Copy the result of filtering the entries below for lines that include the string "area".

(Recorded data)
*** Block opens ***

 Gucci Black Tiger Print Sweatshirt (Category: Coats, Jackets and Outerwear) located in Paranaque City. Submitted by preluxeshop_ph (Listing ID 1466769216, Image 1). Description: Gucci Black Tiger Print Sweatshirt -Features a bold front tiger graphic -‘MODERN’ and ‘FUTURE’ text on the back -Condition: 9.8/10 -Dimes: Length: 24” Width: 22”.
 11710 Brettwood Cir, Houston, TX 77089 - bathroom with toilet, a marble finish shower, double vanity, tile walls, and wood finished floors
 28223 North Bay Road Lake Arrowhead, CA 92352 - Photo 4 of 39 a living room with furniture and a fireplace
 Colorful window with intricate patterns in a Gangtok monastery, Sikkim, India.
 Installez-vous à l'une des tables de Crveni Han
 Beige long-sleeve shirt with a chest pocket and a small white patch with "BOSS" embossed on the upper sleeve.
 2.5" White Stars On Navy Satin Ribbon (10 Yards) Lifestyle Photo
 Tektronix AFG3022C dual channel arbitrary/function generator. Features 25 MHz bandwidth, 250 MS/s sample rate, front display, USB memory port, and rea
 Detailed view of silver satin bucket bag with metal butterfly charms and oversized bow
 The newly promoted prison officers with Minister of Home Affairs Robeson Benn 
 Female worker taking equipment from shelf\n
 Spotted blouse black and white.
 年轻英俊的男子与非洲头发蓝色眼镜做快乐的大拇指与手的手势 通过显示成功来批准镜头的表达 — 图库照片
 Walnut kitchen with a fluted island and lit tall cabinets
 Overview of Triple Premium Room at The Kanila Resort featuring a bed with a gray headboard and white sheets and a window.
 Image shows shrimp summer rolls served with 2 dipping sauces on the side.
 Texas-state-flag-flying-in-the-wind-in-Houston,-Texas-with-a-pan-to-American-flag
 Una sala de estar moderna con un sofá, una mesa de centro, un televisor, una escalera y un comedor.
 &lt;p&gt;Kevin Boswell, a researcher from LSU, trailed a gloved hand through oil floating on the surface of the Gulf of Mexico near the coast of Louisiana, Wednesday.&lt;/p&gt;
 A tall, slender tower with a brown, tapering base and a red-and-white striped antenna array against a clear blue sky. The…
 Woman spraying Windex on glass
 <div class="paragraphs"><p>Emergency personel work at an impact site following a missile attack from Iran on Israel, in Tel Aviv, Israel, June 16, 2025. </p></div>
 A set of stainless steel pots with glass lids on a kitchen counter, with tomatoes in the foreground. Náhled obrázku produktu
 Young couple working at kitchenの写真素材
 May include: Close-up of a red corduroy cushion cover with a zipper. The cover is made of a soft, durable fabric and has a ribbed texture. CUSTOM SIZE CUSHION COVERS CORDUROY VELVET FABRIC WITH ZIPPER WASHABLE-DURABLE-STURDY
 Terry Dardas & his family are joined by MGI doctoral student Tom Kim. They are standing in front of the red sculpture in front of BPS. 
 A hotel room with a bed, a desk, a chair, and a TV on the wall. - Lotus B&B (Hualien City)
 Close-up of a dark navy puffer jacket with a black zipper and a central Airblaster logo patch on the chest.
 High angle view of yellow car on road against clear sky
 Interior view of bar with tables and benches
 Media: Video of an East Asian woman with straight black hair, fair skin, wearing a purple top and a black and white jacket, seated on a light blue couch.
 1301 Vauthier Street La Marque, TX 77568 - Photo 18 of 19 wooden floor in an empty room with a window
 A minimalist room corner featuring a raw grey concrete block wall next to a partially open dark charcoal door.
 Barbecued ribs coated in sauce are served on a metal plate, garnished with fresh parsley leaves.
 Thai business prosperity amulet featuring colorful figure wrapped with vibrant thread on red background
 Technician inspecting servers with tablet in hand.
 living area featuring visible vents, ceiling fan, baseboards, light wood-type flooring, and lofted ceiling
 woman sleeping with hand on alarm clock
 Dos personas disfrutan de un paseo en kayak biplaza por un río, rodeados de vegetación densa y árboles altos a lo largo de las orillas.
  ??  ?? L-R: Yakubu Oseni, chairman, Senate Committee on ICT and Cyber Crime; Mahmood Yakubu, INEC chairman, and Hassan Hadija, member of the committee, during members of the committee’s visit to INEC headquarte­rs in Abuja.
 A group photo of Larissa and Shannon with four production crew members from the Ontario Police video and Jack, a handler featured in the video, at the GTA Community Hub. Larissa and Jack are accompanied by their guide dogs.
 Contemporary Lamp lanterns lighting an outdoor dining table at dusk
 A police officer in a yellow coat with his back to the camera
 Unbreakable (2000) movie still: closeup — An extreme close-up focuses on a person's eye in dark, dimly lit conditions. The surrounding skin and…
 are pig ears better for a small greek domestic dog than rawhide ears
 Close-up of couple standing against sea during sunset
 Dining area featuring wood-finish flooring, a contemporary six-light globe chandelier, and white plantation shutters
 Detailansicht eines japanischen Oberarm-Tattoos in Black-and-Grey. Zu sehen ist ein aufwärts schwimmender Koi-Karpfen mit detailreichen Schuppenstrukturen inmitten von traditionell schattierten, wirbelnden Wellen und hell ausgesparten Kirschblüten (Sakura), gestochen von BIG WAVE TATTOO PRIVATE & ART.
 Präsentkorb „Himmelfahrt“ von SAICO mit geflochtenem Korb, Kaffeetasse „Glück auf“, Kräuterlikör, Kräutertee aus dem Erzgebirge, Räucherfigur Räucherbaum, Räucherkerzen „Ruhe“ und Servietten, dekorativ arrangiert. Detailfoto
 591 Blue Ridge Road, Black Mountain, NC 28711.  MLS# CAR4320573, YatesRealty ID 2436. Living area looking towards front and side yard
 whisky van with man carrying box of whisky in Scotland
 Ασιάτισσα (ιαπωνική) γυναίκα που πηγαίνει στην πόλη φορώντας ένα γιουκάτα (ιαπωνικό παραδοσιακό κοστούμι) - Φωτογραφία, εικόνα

*** Block closes ***

■ Written reply
 living area featuring visible vents, ceiling fan, baseboards, light wood-type flooring, and lofted ceiling
 Dining area featuring wood-finish flooring, a contemporary six-light globe chandelier, and white plantation shutters
 591 Blue Ridge Road, Black Mountain, NC 28711.  MLS# CAR4320573, YatesRealty ID 2436. Living area looking towards front and side yard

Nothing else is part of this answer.